PROMPT: Find the line below with "塔纳安丛林,战火生机交织之地的四稀有刷新时间" and the line with "Jiřina Šiklová: Deník staré paní". Output them and the lines between, exactly, but not the pictures.

RECORDS SHOWN:
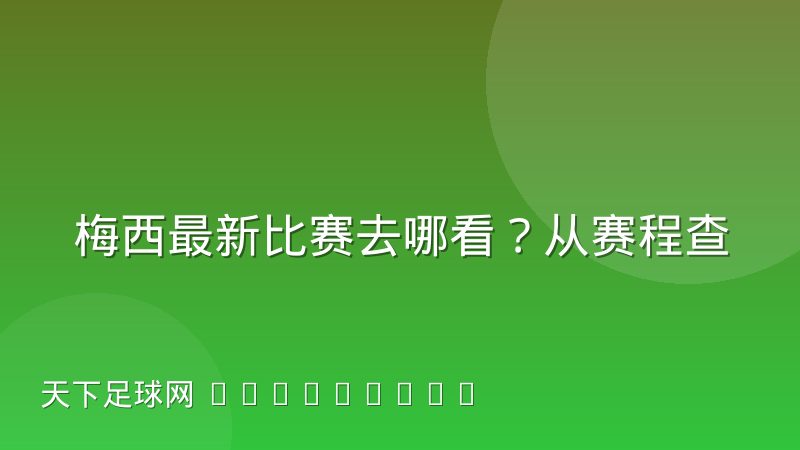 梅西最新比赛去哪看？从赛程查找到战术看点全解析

==

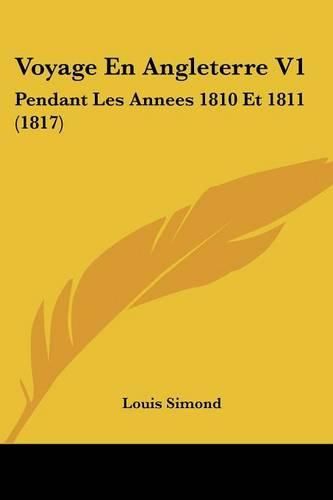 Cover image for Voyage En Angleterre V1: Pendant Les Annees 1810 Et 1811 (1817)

---

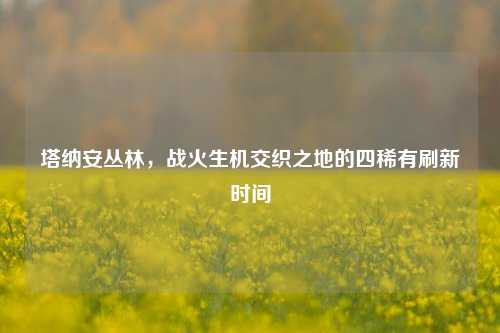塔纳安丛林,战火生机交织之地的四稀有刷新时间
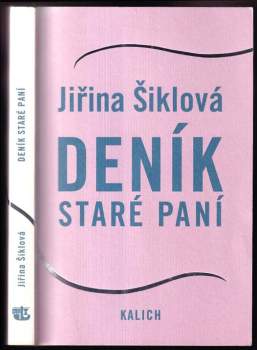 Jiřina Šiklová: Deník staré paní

RESULT FOR THIS TASK:
塔纳安丛林,战火生机交织之地的四稀有刷新时间
 Jiřina Šiklová: Deník staré paní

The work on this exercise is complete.